Lending Club founder Renaud Laplanche is back with a new startup and $60 million in funding
By Connie Loizos for Techcrunch
Renaud Laplanche had a terrible no good very bad 2016. But the founder and longtime CEO of Lending Club is back with a new lending startup called Upgrade, along with the support of investors who’ve provided the company with $60 million in funding.
It’s a comeback that’s been roughly one year in the making.
It was in May of last year that Laplanche, who founded Lending Club in 2006 and took it public in late 2014, was forced to resign from his role as CEO. According to reports at the time, the company’s board lost faith in Laplanche after it was informed that $3 million in Lending Club’s loans had been sold to the bank Jefferies with falsified dates, and that Laplanche himself had undisclosed conflicts of interest.
Specifically, reporters were told, Laplanche owned a stake in a fund called Cirrix Capital in which Lending Club later bought an interest at Laplanche’s urging — unaware that he was a limited partner in the fund.
The board later acknowledged in a regulatory filing that some but “not all members” of the risk committee were aware of Laplanche’s investment.
Laplanche’s role in an approved stock buyback was also reportedly under investigation by the SEC at one point.
Laplanche said he wasn’t available to answer questions for this story, but in a Dealbook interview he disagreed with the board’s characterization of the problems at Lending Club last year and declined to discuss the issue further.
A source close to Laplanche further says he doesn’t think that Laplanche was ever “personally being investigated” by the SEC.
Either way, Laplanche wasted little time in launching a rival to Lending Club. By August of last year, Laplanche and several Lending Club veterans — including Jeff Bogan, who was among a group of senior managers who also stepped down or were dismissed when Laplanche resigned — rented offices in downtown San Francisco and began reaching out to financial institutions about their vision.
They also started phoning investors.
Those calls seem to have borne fruit. Upgrade is revealing today that it has raised $48 million in equity and $12 million in convertible notes from Union Square Ventures, Credit Ease, FirstMark Capital, Noah Holdings, Ribbit Capital, Sands Capital Ventures, Silicon Valley Bank, Uprising, Vy Capital and Apoletto, which is the low-flying, early-stage venture vehicle of billionaire investor Yuri Milner.
A source close to the company says the investors assigned Upgrade with a pre-money valuation of $120 million, suggesting they own a third of the company.
An “Upgrade” on Lending Club
Investors aren’t buying into a peer-to-peer lending company, as Lending Club was in its earliest days, before it began to rely heavily on Wall Street investors to fund the loans on its platform.

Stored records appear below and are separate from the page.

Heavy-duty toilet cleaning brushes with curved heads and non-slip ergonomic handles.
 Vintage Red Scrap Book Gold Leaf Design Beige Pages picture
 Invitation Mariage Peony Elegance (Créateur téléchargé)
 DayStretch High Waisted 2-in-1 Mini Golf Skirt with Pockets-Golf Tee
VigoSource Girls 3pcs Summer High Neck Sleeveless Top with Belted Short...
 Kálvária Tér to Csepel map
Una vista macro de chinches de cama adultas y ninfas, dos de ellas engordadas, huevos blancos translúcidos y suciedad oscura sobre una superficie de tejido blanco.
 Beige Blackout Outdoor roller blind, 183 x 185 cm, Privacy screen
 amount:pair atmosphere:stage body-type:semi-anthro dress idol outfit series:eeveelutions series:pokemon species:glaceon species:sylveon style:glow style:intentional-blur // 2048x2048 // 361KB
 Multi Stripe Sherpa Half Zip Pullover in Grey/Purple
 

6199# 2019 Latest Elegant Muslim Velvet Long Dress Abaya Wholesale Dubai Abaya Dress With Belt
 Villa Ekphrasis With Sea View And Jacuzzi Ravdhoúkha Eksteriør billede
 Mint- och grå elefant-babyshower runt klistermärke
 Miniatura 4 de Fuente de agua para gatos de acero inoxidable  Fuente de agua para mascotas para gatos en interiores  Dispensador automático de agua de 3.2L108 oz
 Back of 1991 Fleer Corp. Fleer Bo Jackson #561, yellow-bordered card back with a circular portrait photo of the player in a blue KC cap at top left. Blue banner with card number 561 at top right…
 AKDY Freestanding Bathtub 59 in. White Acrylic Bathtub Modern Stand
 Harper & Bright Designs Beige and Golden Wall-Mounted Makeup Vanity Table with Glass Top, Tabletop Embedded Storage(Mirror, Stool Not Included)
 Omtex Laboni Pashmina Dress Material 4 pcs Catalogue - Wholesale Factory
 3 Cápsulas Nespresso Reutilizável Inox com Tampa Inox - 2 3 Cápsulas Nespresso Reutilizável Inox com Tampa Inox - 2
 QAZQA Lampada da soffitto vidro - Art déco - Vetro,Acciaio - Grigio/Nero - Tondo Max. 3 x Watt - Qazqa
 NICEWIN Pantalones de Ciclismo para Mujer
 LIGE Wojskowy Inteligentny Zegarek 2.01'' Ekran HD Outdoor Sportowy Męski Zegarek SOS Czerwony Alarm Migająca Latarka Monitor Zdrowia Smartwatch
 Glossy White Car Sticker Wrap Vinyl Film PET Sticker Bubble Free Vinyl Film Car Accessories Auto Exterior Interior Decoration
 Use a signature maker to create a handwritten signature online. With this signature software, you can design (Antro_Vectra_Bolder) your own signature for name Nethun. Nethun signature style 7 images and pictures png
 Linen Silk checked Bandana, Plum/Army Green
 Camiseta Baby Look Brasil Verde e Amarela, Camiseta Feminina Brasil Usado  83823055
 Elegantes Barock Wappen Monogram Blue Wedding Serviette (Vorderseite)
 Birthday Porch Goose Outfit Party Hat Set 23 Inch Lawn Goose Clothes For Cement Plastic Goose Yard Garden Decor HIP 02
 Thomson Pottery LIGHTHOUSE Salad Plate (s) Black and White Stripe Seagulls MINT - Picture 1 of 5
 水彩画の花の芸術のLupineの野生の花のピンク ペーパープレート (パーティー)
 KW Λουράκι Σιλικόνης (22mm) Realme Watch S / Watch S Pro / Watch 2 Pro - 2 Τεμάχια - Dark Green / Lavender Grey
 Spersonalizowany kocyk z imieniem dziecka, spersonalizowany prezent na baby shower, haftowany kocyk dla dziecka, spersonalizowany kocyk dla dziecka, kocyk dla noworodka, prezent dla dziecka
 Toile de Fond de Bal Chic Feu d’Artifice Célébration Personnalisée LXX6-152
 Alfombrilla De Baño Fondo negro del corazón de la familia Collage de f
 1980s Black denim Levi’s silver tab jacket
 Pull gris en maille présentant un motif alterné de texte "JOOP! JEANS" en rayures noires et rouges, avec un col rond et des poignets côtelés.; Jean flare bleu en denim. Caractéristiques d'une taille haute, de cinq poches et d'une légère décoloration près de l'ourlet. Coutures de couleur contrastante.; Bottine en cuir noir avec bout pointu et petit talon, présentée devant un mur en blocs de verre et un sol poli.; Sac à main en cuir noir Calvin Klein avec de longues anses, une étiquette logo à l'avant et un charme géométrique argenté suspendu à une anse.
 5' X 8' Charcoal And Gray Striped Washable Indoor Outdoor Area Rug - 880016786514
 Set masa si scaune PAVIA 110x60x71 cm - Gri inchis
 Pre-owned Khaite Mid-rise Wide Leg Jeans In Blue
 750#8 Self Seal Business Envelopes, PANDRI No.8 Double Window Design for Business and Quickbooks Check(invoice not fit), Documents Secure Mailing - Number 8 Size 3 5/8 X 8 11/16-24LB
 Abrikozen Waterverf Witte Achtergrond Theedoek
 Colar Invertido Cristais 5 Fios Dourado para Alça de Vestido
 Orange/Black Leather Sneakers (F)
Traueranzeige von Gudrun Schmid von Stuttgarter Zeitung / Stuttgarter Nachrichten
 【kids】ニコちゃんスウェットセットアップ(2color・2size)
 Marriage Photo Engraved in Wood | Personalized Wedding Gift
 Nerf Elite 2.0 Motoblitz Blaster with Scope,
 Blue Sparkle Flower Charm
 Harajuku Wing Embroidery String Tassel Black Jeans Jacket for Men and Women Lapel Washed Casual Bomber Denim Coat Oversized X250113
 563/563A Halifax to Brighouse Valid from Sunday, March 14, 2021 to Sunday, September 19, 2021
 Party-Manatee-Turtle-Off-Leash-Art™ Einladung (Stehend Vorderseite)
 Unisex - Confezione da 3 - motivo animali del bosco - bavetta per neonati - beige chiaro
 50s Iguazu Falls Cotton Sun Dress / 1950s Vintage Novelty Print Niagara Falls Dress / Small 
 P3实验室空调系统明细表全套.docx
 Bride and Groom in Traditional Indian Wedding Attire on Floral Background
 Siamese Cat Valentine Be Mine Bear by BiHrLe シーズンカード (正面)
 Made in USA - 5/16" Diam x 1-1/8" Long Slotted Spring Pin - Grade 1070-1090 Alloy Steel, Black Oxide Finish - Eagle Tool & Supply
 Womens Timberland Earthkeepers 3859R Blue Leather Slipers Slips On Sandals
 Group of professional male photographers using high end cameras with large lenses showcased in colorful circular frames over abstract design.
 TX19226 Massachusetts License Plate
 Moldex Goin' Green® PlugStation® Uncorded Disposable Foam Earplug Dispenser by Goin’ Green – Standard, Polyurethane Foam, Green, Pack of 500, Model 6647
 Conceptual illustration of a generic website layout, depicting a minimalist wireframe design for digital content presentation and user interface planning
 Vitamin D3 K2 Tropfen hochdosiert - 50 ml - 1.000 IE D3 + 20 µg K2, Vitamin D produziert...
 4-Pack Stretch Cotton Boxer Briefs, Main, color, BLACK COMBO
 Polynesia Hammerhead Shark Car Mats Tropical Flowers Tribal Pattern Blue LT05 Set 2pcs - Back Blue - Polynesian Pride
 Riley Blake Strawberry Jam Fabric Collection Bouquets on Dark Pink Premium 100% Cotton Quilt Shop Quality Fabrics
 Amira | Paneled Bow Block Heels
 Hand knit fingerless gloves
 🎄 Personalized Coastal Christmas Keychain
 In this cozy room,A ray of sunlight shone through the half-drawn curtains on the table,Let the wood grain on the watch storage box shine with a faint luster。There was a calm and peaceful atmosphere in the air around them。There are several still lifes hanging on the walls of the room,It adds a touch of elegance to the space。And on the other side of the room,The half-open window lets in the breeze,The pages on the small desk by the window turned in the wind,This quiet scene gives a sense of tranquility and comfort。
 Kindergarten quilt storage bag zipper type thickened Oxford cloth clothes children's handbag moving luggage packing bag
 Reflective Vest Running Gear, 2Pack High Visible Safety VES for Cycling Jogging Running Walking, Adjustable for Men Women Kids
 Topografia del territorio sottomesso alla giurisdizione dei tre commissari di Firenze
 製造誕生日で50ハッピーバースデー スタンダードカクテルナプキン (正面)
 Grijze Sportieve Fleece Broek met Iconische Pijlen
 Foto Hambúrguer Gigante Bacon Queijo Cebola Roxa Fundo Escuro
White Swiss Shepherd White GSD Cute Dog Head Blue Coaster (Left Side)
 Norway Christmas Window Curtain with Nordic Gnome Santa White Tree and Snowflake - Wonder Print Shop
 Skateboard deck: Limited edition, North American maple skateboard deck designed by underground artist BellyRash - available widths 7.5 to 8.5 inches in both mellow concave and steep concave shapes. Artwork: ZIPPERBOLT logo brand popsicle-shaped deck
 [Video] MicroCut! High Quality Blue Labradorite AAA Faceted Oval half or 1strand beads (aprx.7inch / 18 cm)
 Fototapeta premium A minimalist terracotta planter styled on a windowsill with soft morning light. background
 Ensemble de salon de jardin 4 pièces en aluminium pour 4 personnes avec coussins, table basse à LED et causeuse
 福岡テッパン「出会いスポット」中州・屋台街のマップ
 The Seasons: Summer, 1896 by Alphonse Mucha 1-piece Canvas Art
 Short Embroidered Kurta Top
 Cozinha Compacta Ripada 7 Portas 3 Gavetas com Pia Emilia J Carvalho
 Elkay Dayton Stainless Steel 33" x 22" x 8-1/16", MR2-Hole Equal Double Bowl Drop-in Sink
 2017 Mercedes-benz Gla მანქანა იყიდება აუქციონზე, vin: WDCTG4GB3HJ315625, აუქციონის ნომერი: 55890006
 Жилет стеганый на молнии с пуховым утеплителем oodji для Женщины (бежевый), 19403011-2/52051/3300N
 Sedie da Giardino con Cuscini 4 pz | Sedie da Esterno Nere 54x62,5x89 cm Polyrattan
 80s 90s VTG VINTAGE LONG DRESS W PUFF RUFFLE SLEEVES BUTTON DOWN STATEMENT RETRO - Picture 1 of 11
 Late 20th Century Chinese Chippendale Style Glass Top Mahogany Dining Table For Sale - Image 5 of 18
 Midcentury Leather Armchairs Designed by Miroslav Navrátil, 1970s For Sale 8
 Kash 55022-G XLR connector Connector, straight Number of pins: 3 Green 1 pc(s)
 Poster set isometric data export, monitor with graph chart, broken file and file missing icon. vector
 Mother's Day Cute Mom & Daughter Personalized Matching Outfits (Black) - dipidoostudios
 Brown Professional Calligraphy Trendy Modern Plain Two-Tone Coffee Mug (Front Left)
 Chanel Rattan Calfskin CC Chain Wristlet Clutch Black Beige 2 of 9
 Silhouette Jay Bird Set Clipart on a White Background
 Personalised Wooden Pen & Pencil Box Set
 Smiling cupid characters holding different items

This time, the company is working exclusively with financial institutions, including, notably, Jefferies, along with three other unnamed financial institutions.
The issuing bank, WebBank of Salt Lake City, Utah, will issue loans to borrowers once they’re approved by Upgrade and these other investors have committed to fund the loans, which are expected to range from $2,000 to $50,000 and be used primarily to pay back credit card debt.
Upgrade will also be aggressively marketing tools that help users understand and improve their credit score, which need be 620 at a minimum to secure a loan from the outfit. Says the source familiar with Upgrade’s thinking: “Think of it as Lending Club plus Credit Karma,” a credit monitoring company that’s rumored to be an IPO candidate this year or next.
Whether the combination is enough to convince potential customers to try the service remains a big question mark.
Borrowers seemingly won’t be saving more money than they might elsewhere. According to the service Bankrate, it’s possible for a borrower with excellent credit to land a three-year loan at a 4.29 percent APR. Meanwhile, Upgrade’s interest rates range from 5.66 percent for a person with excellent credit, to an onerous 35.97 percent for a borrower with a riskier profile. (In fairness, lenders sometimes feature a very aggressive headline rate like 4.29, yet few qualify for it.)
Another big challenge for Upgrade is the current landscape. The market for online lending companies is far more crowded than when Laplanche started Lending Club, and once-nascent peers like SoFi have gained significant mindshare in recent years, making it tougher for new entrants.
Still, the market opportunity remains enormous.
According to the Federal Reserve, the U.S. consumer lending market is a $3.5 trillion business, yet only $36 billion in loans was made online in 2015. Given how fast even a small slice of that market can add up, it’s no wonder that Laplanche is back and readying for a fight.